With the swell picking up the next day, I spend the rest of the week following a simple routine: surf all morning; eat all afternoon. When the wind is easterly I surf Fitzmaurice Bay (rocky but fantastic), British Admiral Beach and Three Rivers, the latter with an audience of intrigued cows; when it blows from the south I head to Disappointment Bay for quick, glassy rides under the watchful gaze of the Cape Wickham lighthouse. The biggest "crowd" I surf with is five, and most of the time I am alone.
Post-surf hunger is sated each afternoon in the King Island Bakehouse, in the main settlement of Currie. Baker Wayne Hamer's flaky gourmet pies have won nationwide competitions and the crayfish ones don't stay on the shelves long. My favourite varieties are the King Island beefsteak, camembert, spinach and bacon, and seafood (filled with scallops, gummy shark, prawns and mornay, these are perfect for restoring energy to paddled-out arms).
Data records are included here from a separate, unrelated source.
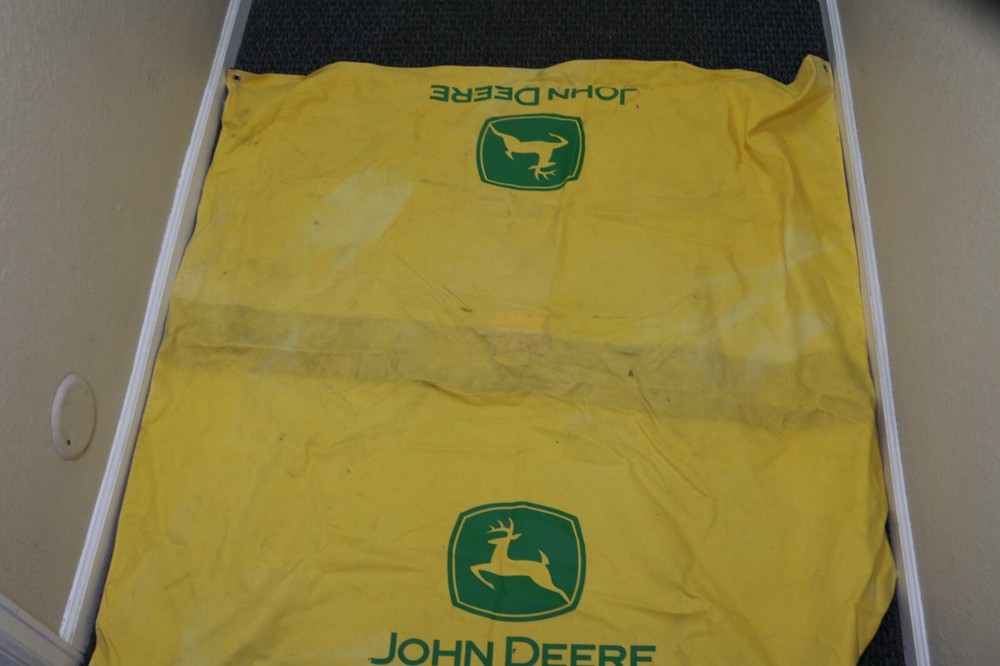 JOHN DEERE SADDLE BLANKET FREE SHIPPING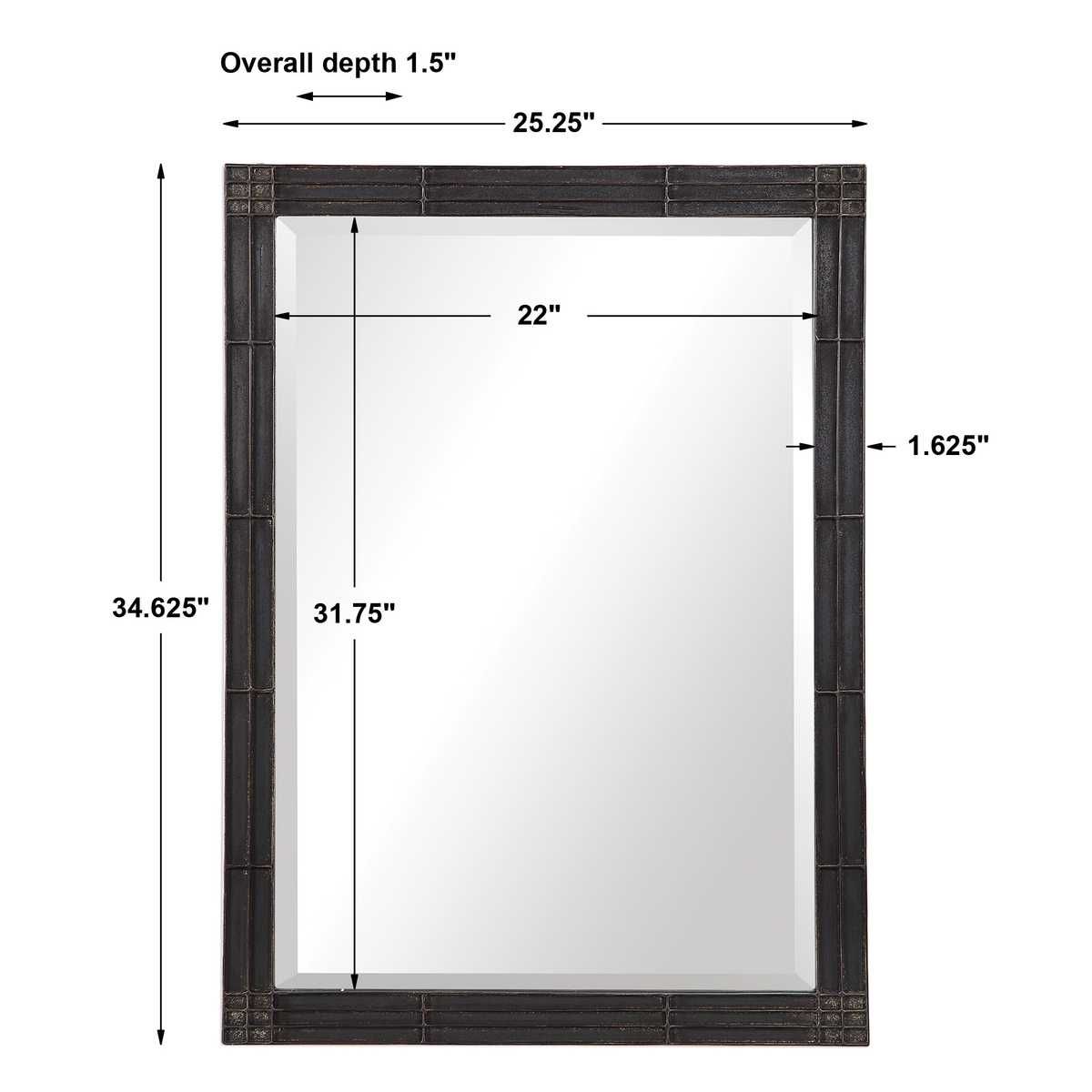 Gower Mirror – Mirrors by Uttermost | Sutter & Vale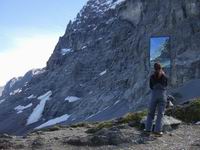 Am Fuße der Eiger Nordwand - Geschichte zum Greifen nahe!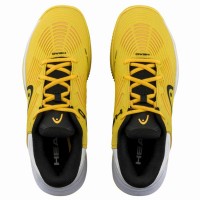 Scarpe Head Revolt Pro 4.5 Banana Nero Junior - TERRA BATTUTA  Offerta + Economico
Good surfing and good eating are profoundly linked on King Island. Most of the island's 25 surfers are involved in the food industry, either as fishermen, farmers or kelpers - freelance beachcombers who collect the masses of bull kelp that wash up on the west coast, later to be exported to Europe for use as a food thickener. Then of course there is the dairy, which has a long history of temporarily employing visiting surfers.
Local surfer Guy Barnes thinks this combination is what makes the island's surfing scene unique.
As we check the waves from his living room, Barnes tells me how as a kid when he wasn't surfing he was diving for abalone, catching lobsters and muttonbirds or shooting pheasants and turkeys (both were introduced for hunting; even the ferals are gourmet here). "We have good waves and good food in abundance - what more could you want?" Barnes asks.
The writer was a guest of Tourism Tasmania.
TRIP NOTES
Regional Express connects Melbourne with King Island daily from $300 return. Phone 131 713, see rex.com.au.
GETTING AROUND
With no public transport, a hire car is essential. P&A Car Rentals has an office at the airport. Phone (03) 6462 1603, see www.kingisland.org.au.
WHERE TO STAY
In Currie, Boomerang By the Sea offers self-contained cottages from $150 a night. Phone (03) 6462 1288, see boomerangbythesea.com.au.
In Grassy, Portside Links has luxurious double rooms from $200. Phone (03) 6461 1134, see portsidelinks.com.au.
WHERE TO EAT
King Island Dairy, Loorana, phone (03) 6462 1348, see www.kidairy.com.au; fromagerie open Sun-Fri, noon-4.30pm.
Kings Cuisine, Grassy, phone (03) 6461 1003, see kingscuisine.com.au; open Wed-Mon for dinner, mains from $26.
King Island Bakehouse, Currie, phone (03) 6462 1337.
SURFING THERE
Most surf spots are accessed via private land; no permission is required but make sure you close all gates. King Island is temperate but not that temperate — full-length wetsuits are a must all-year-round, with booties and a hood musts in winter.